Caption-style text data:

((

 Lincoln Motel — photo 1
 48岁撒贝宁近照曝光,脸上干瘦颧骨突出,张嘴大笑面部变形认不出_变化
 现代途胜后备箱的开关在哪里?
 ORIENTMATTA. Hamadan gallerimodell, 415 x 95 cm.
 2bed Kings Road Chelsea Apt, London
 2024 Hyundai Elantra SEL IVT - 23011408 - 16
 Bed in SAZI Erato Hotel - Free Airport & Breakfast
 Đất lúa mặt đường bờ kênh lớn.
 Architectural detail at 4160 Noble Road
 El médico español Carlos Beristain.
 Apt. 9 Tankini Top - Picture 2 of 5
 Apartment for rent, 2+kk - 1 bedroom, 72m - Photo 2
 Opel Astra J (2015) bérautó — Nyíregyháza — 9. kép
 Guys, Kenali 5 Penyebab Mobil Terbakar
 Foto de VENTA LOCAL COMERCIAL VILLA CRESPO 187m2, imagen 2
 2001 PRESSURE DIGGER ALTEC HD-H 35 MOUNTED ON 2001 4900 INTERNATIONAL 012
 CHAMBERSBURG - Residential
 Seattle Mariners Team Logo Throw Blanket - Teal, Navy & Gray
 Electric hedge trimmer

))

▶ [What you are asked to do]: Taking the entries above, write out exactly the lines starting with the line containing "Architectural detail at 4160 Noble Road" and going on through the line containing "CHAMBERSBURG - Residential", both included, and nothing else.

▶ [Result]:
 Architectural detail at 4160 Noble Road
 El médico español Carlos Beristain.
 Apt. 9 Tankini Top - Picture 2 of 5
 Apartment for rent, 2+kk - 1 bedroom, 72m - Photo 2
 Opel Astra J (2015) bérautó — Nyíregyháza — 9. kép
 Guys, Kenali 5 Penyebab Mobil Terbakar
 Foto de VENTA LOCAL COMERCIAL VILLA CRESPO 187m2, imagen 2
 2001 PRESSURE DIGGER ALTEC HD-H 35 MOUNTED ON 2001 4900 INTERNATIONAL 012
 CHAMBERSBURG - Residential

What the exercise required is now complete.